Furthermore, `algebra-checkers` will generate tests to show that these laws are
confluent. We can run these tests via `quickCheck lawTests`.

If we use the `theoremsOf` function instead of `testModel`, `algebra-checkers`
will dump out all the additional theorems it has proven about our algebra.

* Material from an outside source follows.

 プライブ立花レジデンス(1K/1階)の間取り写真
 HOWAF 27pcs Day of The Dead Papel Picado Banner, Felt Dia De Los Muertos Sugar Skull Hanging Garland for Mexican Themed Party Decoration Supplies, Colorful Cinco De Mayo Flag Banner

This
serves as a good sanity check:

```
Theorems:

• set i x' (set i x s) = set i x' s (definition of "set/set")
• set i (get i s) s = s (definition of "set/get")
• get i (set i x s) = x (definition of "get/set")
• set i x mempty = mempty (definition of "set:Monoid:mempty")
• set i x (s1 <> s2) = set i x s1 <> set i x s2
    (definition of "set:Monoid:<>")
• set i1 (get i1 (set i1 x1 s1)) s1 = set i1 x1 s1
    (implied by "set/get" and "set/set")
• set i1 (get i1 (s12 <> s22)) s12 <> set i1 (get i1 (s12 <> s22)) s22
        = s12 <> s22
    (implied by "set/get" and "set:Monoid:<>")
• set i1 x'2 (set i1 x1 s11 <> set i1 x1 s21)
        = set i1 x'2 (s11 <> s21)
    (implied by "set/set" and "set:Monoid:<>")
• get i1 (set i1 x1 s11 <> set i1 x1 s21) = x1
    (implied by "get/set" and "set:Monoid:<>")


Contradictions:

• get i1 mempty = x1
    the variable x1 is undetermined
    (implied by "get/set" and "set:Monoid:mempty")
```

Uh oh! Look at that! This contradiction is  clearly a bogus theorem, which lets
us know that "get/set" and "set mempty" are nonconfluent with one another!